One of the largest things i am learning from these stories (Tangentially Wikipedia story too) is to have backups outside of your own infrastructure with snapshots at 15 minute recovery time preferably when possible
For context it was 2.5 years of data. I can only just imagine the nightmare if things would've turned out even a tiny bit more worse for ya. The nightmare it would've been if snapshot of the production database wouldn't have been found even within the AWS business support.
> I was overly reliant on my Claude Code agent, which accidentally wiped all production infrastructure for the DataTalks.Club course management platform that stored data for 2.5 years of all submissions: homework, projects, leaderboard entries, for every course run through the platform.
Wise, but for those with large databases, factoring in the price of egress is important, as it gets price ($0.09 for each GB over 100GB, and that 100GB free tier is spread across your entire AWS workload)
I understand this but maybe its my personal preference but I prefer working with services which don't charge money for egress/charge very little. So think OVH,netcup,Scaleway,BuyVM,Upcloud and Hetzner and so many others.
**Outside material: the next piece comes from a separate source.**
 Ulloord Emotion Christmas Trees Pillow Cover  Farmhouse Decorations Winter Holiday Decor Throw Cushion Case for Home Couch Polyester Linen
So to me, its an non issue. But I definitely understand your point yea if someone's locked in AWS then egress can be brutal, but to me that's even more the reason to not use AWS (Also that usually these services that I have listed are more price effective/better too and most of these companies have decent human support and some/most provide decent SLA guarantees as well and most importantly, with all of this, I would love to support non AWS/GCP/Azure clouds and wish for a less centralized internet anyway)
So its actually a win-win for me to not have to worry about egress costs.
Of course. We are also evaluating our own cloud exit strategy. The original article was about and by an org on AWS, so I was going for an apples-to-apples analysis.